> _WHAT TO PRODUCE_: Without including any images, please transcribe all the lines below exactly.

> _PROVIDED DATA_:
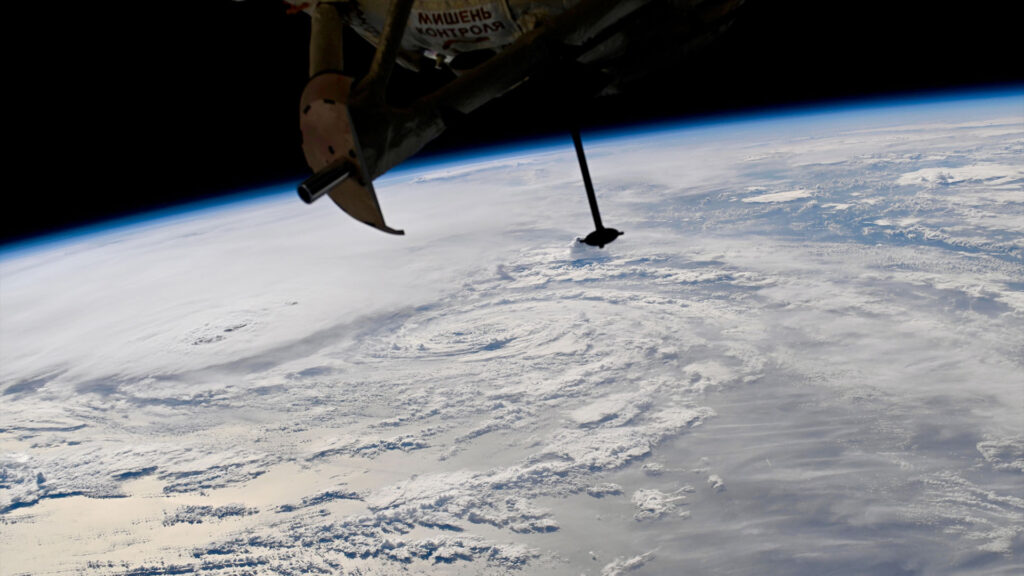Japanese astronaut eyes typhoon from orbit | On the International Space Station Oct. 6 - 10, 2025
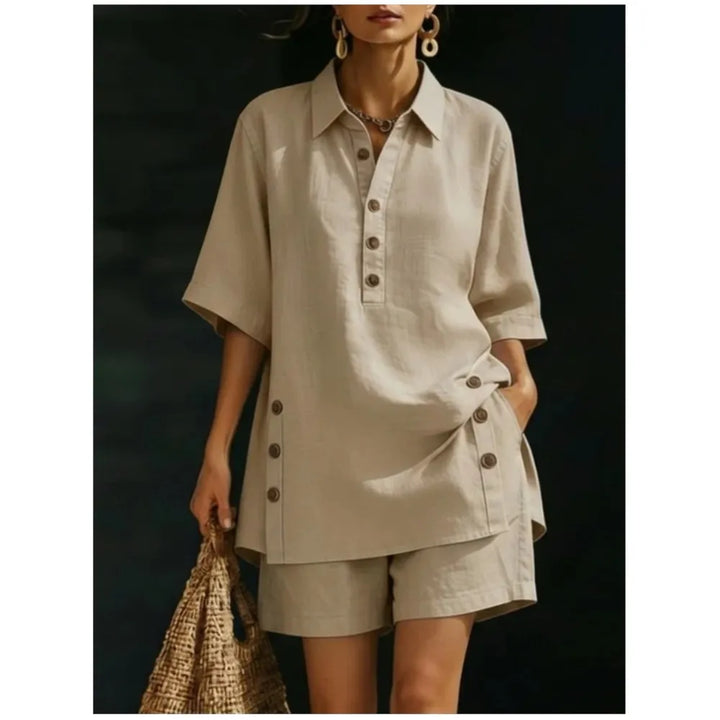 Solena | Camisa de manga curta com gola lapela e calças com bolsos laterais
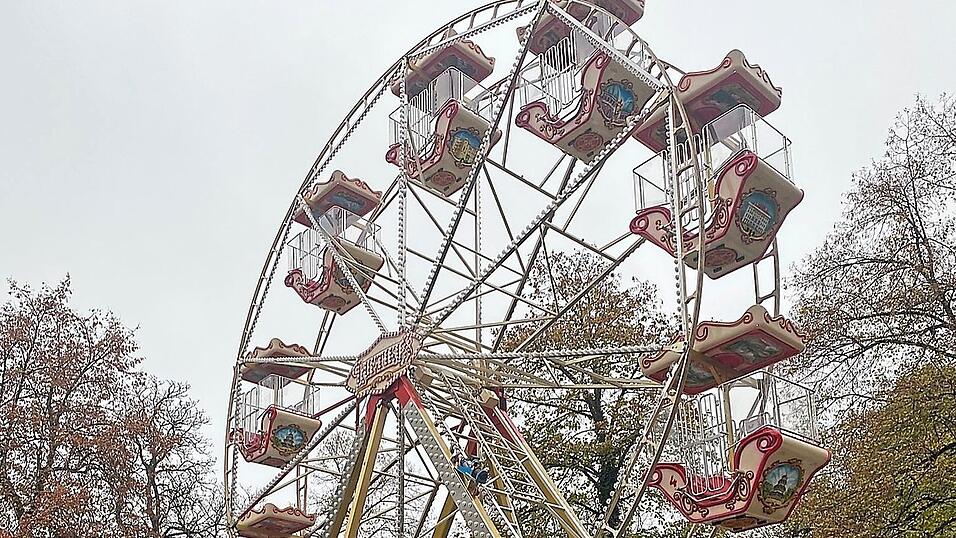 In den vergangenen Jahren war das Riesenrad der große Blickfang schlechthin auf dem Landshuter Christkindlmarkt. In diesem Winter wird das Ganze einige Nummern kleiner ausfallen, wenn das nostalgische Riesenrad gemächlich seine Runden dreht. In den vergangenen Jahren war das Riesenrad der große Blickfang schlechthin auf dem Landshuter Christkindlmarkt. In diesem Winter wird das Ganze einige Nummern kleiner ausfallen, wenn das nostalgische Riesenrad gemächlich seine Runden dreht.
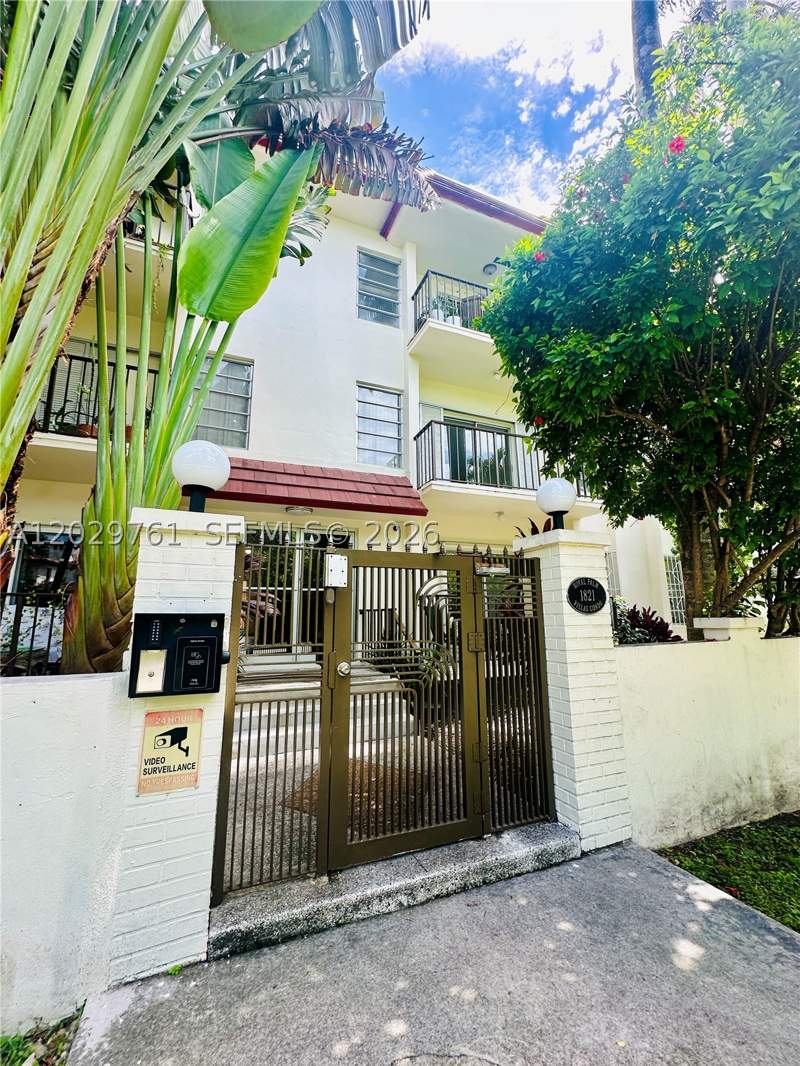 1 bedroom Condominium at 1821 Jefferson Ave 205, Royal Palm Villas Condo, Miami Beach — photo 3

> _ANSWER BELOW_:
Japanese astronaut eyes typhoon from orbit | On the International Space Station Oct. 6 - 10, 2025
 Solena | Camisa de manga curta com gola lapela e calças com bolsos laterais
 In den vergangenen Jahren war das Riesenrad der große Blickfang schlechthin auf dem Landshuter Christkindlmarkt. In diesem Winter wird das Ganze einige Nummern kleiner ausfallen, wenn das nostalgische Riesenrad gemächlich seine Runden dreht. In den vergangenen Jahren war das Riesenrad der große Blickfang schlechthin auf dem Landshuter Christkindlmarkt. In diesem Winter wird das Ganze einige Nummern kleiner ausfallen, wenn das nostalgische Riesenrad gemächlich seine Runden dreht.
 1 bedroom Condominium at 1821 Jefferson Ave 205, Royal Palm Villas Condo, Miami Beach — photo 3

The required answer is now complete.